Now, don't miss the remarkable progression that has taken place in Ruth's life over what appears to have been just a couple of months prior to their marriage and then the time of their marriage. Think about this. At first, we find her in 1:15, she is a Moabite idolater living in Moab. Then in 2:10, she is foreigner living in the land of Israel, but one who had become a true worshiper of God. In 2:13, she refers to herself in her conversation with Boaz as the very lowest servant in his household. In 3:9, she graduates a little bit, and there on the threshing floor she refers to herself not as the lowest servant but as his maid. And that word would be used to refer to someone in the household who had full legal rights. Not a member of the family, but full legal rights. And now here in 4:13, by a remarkable string of divine providences and grace, she has become the wife of one of Bethlehem's greatest and noblest sons. God is gracious. God cares for His own.

Now after the wedding, the conception and birth, we're introduced in verse 14 to Naomi's redeemer. Remember, we're talking about a redeemer for Naomi, and here we meet him in verse 14. "Then the women said to Naomi, 'Blessed is [Yahweh] who has not left you without a redeemer today, and may his name become famous in Israel.'" Now this is surprising, because so far all we've heard about is a redeemer for Ruth. But here's a redeemer for Naomi. Now, the narrator undoubtedly intends us to contrast this amazing blessing of verse 14 of chapter 4 with Naomi's cry of destitution back in chapter 1. You remember it? Go back to 1:20. When she came back into the land of Israel from Moab, she said to the women, these same women that are blessing her in chapter 4, she said, "Do not call me Naomi." Don't call me "pleasant," which is what that name means.

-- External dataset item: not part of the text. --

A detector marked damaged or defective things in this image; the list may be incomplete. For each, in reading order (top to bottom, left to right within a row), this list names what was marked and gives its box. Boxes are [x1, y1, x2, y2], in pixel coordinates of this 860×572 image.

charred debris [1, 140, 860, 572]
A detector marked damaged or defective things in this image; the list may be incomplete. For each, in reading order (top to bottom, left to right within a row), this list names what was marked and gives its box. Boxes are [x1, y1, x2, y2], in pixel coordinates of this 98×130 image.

"Call me Mara [call me bitter], for the Almighty has dealt very bitterly with me. I went out full, but … [Yahweh] has brought me back empty. Why do you call me … [Pleasant], since … [Yahweh] has witnessed against me and the Almighty has afflicted me?"

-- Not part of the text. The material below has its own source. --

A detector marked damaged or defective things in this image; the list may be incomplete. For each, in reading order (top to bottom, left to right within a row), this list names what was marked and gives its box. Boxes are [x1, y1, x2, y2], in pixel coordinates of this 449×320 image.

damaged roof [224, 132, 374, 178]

She understood that she was bearing the weight of her sin. She was bearing the consequences of her choices. And she was extremely low. Go back now again to 4:14, and contrast what they say. The same God who had afflicted her is now raising her up. Contrast her heart wrenching words in chapter 1 with the words of the women here. "The women said to Naomi, 'Blessed is … [Yahweh] who has not left you without a redeemer today.'" Her neighbors, the women of Bethlehem, they bless God (that's just another word for praising Yahweh), because He had not left her in that empty, chastened condition. Instead, as God so often does, He restored her. Because Yahweh is a redeemer, He had not left Naomi without that Hebrew word "goel", the kinsman-redeemer. He had not left her without someone to represent her.

Notice, the women did not speak of Boaz serving as a kinsman-redeemer for Ruth (although that's true); instead, they speak of this child as a kinsman-redeemer for Naomi. And they're soon going to explain why. But notice, first they add in verse 14, "And may his name become famous in Israel." Literally, "may his name be called in Israel." Even after this child's death, may people all over the nation of Israel still be calling his name. By the way, notice the contrast. In verse 11, it's their prayer that Boaz' name be called in Bethlehem, but it's their prayer that this child's name will be called in Israel. Again, God would answer their prayers in ways they could never ever have imagined. Isn't that just like God?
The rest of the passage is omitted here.